Bu
sefer rutinlerimiz hakkındaki son yazım bu. Derneğimizde verdiğimiz derslerimiz
ve gittiğimiz okullardaki süreçlerimizi bitirdik artık. Neredeyse 10 aydır
alışmaya çalıştığım, her gün ne yapsam acaba bir sonraki derste, diye
düşündüğüm derslerim artık bitti. Bir yandan hüzünlenirken bir yandan da yaz
kampları süreci başladığı için mutluyum açıkçası.

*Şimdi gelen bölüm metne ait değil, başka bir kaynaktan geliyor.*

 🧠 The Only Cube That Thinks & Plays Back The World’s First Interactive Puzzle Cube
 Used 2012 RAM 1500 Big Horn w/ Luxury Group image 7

Tam rutinlerimin bittiği bir haftadan sonra bir hafta izin hakkımı kullandım ve yine keşfetmeye çıktım görmediğim bazı yerleri. Bu seferki durağım Berlin’di. Ama oraya gitmeden önce Çek Cumhuriyeti’nin Brno şehrinde kaldım bir gün. Daha önce hakkında pek bilgi sahibi olmadığım bu şehir, gerçekten çok güzeldi. Belki de çok fazla bilmediğim için, elimde haritam ile orayı keşfetmekti burayı daha güzel kılan.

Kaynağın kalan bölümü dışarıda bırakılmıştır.